Another embodiment of the 3-D module of the present invention is a “double” 3-D module. The double module 90 shown in FIG. 16 has the RDBs of the basic module but comprises also a second set of six RDBs 91 extending along the other six diagonals (R2-diagonals) of the cube and forming a second tetrahedron shape. In FIG. 3, the second tetrahedron is schematized by rods 92 and vertex connectors 94 shown in broken lines. The structural behavior under load of the second tetrahedron is the same as that of the first one. In fact, the interaction between the two tetrahedrons is very weak despite the fact that their respective RDBs are embedded in the same module.

The double 3-D module 90 is cut out in a different way, since all its eight vertices are used as joints. Twelve spherical surfaces S_AD, S_AB, etc. are cut out around each edge of the cube, and twelve tunnels T_AB, T_BF, etc. are bored from the cut-out surfaces to the cube's center. The center of the cube may be further emptied by cutting out a central sphere. The cut-out surfaces may also haste different forms but the R1-diagonals and R2-diagonals must not be interrupted.
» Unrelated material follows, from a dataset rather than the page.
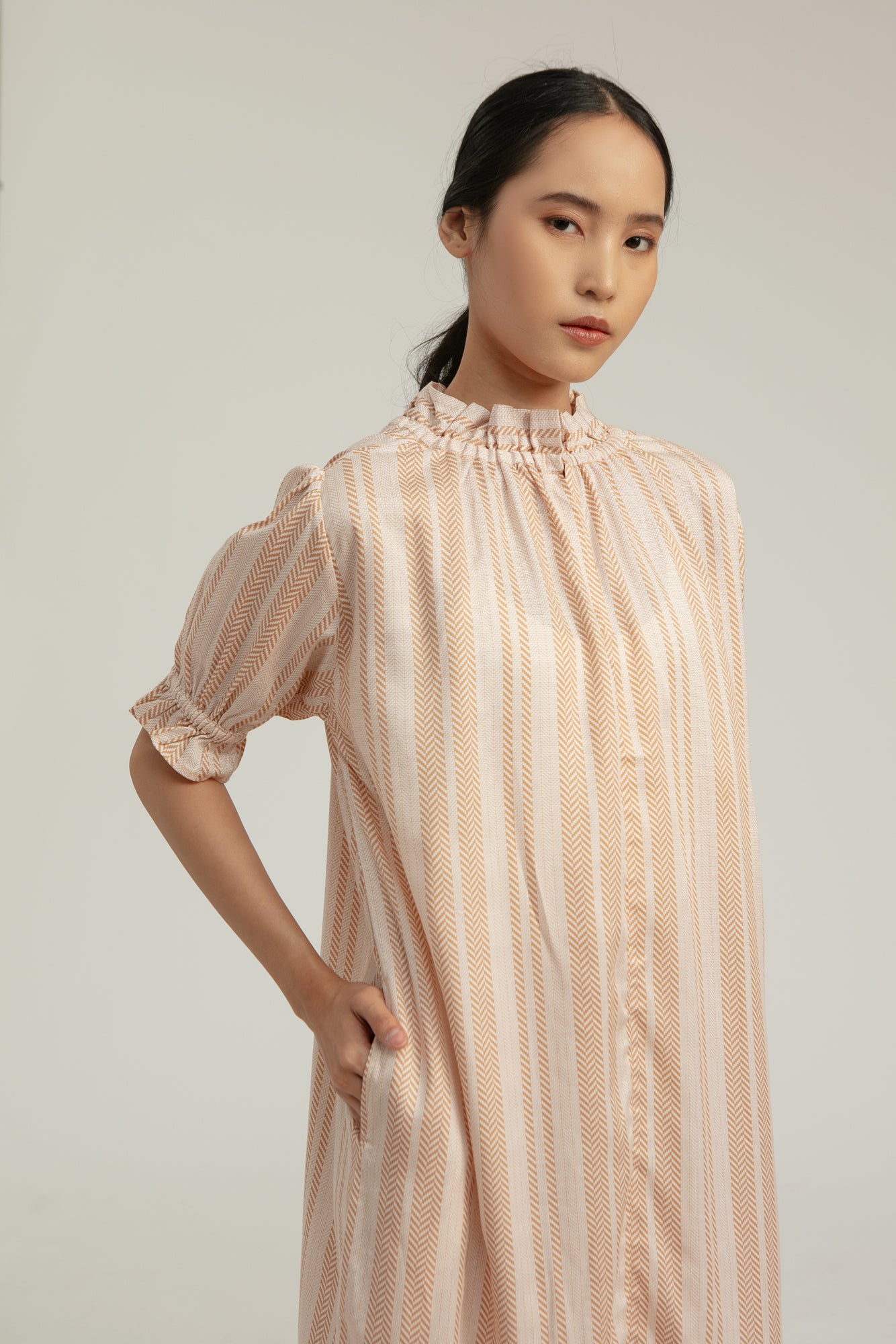 Maros Puffy Short Sleeves Dress in Sand Woven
The double module may have hollow water-tight volumes in its body like the basic module 10. It may be assembled from six module elements, each comprising two RDBs belonging to two different tetrahedrons, for example element ABFE (shown slightly shaded). The double 3-D module may be also assembled from shell elements. Alternatively, the module may be built as skeletal 3-D module 96 (see FIG. 17), and a structure 98 assembled from eight such modules is shown in FIG. 18.

More RDBs can be added to produce various 3-D modules within the scope of the present invention. For example, as shown in FIG. 19, a “multiple” 3-D module 100 is obtained when twelve RDBs 102 connecting centers of the cube's faces are added to a double module to form an internal octahedron structure. The multiple module may be regarded as constituted by eight tetrahedrons (for example LMNE) attached to the internal octahedron structure. The structural scheme of the multiple module is in fact identical to that of the structure assembled from 8 basic 3-D modules (see FIG. 4). The multiple module may have tunnels, for example, T_EA, T_EF, T_EH converging in a tripod shape under the corresponding vertex E. Recesses for formation of joints are provided both at cube's vertexes (recess 42), at cube's diagonals (recess 52), and at centers of cube's faces (recess 104). A multiple 3-D module may be assembled from 12 shell elements, such as EMFL. Three such shell elements may be first assembled in one casting mold to form an intermediate set AFHE, then four such sets may be assembled, together with the molds, into a 3-D module, as shown and explained in connection with FIGS. 8A, 8B and 8C. Alternatively, a shell element such as EMFL may be first assembled from subelements, such as LMB and LMF. Hollow volumes may be formed both in the internal octahedron structure and in the peripheral tetrahedrons.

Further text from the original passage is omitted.